2014 GSA Annual Meeting in Vancouver, British Columbia (19–22 October 2014)

Paper No. 100-7
Presentation Time: 9:45 AM

GEOLOGICAL HYPOTHESES: MULTIPLE, WORKING, AND OUTRAGEOUS


BAKER, Victor R., Department of Hydrology and Atmospheric Sciences, University of Arizona, 1133 E. James E. Rogers Way, J.W. Harshbarger Building, Room 246, Tucson, AZ 85721-0011

Charles S. Peirce (1839-1914), originator of the American philosophical movement known as “pragmatism,” considered geology to be, “…the most difficult of the sciences, barring none.” In 1878 Peirce classified the physical sciences by their methodologies, as opposed to their subject matter. Physics he classified as the science of deduction, in that it makes maximal use of mathematics, which is “the science that draws necessary conclusions” from truths that must already be presumed to be present in the premises.

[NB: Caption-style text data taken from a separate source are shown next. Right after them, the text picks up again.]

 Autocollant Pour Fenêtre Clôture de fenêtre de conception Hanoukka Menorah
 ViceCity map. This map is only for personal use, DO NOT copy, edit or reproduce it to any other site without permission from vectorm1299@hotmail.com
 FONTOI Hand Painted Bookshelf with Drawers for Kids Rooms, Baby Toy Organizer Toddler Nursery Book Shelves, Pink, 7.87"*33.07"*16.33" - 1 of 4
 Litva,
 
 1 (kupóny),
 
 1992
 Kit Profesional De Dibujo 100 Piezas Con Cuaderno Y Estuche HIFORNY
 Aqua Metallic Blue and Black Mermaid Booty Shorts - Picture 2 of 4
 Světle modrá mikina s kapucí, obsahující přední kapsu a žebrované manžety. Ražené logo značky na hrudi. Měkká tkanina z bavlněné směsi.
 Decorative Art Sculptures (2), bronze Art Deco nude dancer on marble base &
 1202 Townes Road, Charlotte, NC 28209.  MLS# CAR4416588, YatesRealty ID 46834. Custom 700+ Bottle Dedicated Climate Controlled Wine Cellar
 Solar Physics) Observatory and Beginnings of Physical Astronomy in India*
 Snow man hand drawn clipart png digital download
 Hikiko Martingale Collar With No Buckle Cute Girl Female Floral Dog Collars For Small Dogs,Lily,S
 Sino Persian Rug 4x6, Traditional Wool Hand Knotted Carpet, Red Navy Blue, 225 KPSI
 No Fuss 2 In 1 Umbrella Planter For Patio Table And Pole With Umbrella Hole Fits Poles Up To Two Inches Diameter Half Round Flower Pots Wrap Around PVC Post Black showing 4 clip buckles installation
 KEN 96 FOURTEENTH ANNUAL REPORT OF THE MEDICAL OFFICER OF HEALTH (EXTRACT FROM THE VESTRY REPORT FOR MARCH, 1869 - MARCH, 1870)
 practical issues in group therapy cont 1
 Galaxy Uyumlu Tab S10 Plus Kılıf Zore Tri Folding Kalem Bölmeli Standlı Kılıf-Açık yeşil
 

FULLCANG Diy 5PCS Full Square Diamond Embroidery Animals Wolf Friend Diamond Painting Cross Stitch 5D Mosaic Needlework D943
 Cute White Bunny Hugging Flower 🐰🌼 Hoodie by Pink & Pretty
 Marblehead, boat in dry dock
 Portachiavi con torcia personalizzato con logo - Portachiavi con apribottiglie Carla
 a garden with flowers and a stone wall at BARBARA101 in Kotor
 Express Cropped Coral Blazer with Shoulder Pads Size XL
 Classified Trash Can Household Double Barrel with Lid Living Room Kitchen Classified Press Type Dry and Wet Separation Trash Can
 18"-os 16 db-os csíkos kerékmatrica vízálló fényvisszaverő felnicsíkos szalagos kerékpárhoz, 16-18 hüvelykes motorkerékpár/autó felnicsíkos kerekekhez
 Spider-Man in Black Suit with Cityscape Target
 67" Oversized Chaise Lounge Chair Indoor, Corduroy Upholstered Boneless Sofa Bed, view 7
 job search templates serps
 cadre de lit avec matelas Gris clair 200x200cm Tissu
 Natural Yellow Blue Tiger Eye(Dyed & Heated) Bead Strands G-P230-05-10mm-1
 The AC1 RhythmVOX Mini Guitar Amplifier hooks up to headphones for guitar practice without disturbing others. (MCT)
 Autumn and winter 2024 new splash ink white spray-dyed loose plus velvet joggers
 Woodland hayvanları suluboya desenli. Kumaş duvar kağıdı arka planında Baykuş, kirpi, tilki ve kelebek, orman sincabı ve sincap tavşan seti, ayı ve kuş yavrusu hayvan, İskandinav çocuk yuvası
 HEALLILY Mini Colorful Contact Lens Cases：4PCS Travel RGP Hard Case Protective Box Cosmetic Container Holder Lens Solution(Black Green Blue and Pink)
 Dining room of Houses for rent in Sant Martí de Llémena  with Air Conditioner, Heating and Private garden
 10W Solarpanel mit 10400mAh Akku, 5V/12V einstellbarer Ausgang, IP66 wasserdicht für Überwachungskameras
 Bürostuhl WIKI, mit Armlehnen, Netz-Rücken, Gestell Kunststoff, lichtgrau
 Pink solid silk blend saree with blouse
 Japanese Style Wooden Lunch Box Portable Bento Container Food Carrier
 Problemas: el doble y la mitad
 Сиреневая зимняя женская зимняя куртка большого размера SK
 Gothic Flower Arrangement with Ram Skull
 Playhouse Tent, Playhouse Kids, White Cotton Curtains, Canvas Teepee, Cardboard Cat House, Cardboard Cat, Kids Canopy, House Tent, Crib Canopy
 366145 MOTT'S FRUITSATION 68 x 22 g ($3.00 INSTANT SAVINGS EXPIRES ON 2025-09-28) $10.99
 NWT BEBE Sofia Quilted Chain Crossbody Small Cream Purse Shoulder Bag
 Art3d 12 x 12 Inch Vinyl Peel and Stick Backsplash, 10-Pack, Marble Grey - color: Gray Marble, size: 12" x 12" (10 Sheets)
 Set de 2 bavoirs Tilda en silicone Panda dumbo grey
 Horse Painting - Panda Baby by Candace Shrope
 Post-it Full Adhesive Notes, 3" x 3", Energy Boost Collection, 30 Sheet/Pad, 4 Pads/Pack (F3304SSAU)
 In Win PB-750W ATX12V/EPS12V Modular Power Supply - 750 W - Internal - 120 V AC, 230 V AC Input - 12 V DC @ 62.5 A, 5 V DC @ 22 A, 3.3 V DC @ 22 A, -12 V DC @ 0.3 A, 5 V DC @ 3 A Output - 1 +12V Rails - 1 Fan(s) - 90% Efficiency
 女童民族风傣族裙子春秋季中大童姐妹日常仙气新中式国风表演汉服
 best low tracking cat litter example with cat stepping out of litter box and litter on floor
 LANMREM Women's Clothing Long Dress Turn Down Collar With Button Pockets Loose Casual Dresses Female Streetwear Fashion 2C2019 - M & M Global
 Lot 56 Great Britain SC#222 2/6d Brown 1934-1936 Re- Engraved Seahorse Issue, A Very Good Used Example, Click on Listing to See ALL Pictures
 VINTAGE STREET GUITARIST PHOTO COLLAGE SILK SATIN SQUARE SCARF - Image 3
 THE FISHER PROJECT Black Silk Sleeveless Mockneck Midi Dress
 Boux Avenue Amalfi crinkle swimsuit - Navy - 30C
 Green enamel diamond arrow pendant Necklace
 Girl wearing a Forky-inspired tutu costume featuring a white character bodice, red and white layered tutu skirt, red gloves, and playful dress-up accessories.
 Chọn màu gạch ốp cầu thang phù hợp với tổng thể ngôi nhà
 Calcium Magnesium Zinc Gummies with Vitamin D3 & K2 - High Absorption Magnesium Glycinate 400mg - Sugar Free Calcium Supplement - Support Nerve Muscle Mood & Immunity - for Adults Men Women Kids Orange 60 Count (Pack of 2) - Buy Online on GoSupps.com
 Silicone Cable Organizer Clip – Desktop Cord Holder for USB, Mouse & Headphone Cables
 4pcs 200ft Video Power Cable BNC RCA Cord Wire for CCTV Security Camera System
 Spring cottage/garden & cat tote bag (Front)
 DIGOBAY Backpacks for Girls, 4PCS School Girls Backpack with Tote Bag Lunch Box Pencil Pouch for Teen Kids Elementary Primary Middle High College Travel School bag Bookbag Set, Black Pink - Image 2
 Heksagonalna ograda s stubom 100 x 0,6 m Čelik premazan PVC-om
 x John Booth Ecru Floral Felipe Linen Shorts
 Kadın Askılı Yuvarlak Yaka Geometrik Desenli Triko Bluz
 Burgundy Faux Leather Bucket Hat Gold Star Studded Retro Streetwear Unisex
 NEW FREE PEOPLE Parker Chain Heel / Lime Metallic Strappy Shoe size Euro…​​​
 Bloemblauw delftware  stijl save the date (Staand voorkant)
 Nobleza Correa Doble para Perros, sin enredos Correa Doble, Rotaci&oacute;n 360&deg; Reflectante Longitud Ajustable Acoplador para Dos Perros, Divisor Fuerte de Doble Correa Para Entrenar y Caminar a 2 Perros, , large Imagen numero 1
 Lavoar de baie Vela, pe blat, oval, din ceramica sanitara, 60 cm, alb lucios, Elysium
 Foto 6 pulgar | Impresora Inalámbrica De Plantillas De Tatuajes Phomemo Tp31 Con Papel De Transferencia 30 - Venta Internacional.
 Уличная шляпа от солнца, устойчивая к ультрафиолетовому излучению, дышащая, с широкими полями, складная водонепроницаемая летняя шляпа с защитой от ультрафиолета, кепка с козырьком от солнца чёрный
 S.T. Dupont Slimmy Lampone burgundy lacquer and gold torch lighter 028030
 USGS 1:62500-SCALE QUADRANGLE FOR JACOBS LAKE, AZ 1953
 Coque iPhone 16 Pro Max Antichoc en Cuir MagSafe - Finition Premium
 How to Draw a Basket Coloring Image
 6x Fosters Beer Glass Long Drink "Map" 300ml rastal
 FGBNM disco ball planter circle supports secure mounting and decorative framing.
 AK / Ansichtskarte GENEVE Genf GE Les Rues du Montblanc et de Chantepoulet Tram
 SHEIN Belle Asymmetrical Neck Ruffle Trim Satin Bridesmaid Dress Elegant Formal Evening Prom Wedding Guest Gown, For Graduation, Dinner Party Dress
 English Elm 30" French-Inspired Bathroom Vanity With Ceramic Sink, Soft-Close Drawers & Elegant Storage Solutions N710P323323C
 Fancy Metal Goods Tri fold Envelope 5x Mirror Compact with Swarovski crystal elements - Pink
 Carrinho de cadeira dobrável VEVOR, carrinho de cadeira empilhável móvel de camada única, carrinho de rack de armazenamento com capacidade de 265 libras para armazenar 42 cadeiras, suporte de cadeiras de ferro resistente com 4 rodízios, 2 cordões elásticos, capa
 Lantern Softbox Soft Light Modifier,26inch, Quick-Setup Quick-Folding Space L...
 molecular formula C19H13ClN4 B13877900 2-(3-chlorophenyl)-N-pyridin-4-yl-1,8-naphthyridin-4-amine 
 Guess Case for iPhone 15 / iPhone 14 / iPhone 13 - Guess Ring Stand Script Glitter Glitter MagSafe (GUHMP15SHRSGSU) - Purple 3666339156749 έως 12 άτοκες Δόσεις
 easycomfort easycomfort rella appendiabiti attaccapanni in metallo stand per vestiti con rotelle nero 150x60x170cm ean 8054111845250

Much of chemistry and biology he classified as sciences of induction. Geology, Peirce observed in 1878, is the science of hypothesis, and Peirce’s writings on this subject are particularly relevant to the philosophy of geology (von Engelhard and Zimmermann, 1988, Theory of Earth Science). Somewhat later, methods for hypothetical reasoning in geology were described in papers by Grove Karl Gilbert (1843-1918) on “The Inculcation of Scientific Method by Example” (1886) and “The Origin of Hypotheses” (1896), and by Thomas Chrowder Chamberlin (1843-1928) on “The Method of Multiple Working Hypotheses” (1890) and “The Methods of the Earth-Sciences” (1904). William Morris Davis (1850-1934) added important insights to the role of hypotheses in geology in his paper “The Value of Outrageous Geological Hypotheses” (1926). All these papers hold that geological hypotheses derive from experience with nature itself rather than from theoretical constructs about nature. They include pragmatic notions of anti-foundationalism, falsification, fallibilism, and critical common-sensism, as well as fruitfulness (ubrity) and open-mindedness of inquiry. Davis’s paper on “outrageous geological hypotheses” strongly advocated the latter, even suggesting (against the view at the time) that serious contemplation be given even to, “…the Wegener outrage of wandering continents.” For, following what Charles Peirce termed “The First Rule of Reason,” from a mere, “…off-hand verdict of ‘impossible or absurd’…” one learns absolutely nothing. Rather, reasoning requires “…a contemplation deliberate enough to seek out what conditions would make the outrage seem permissible and reasonable.” By following this latter formula in regard to the “Wegener outrage” geology produced its greatest scientific discoveries of the modern era.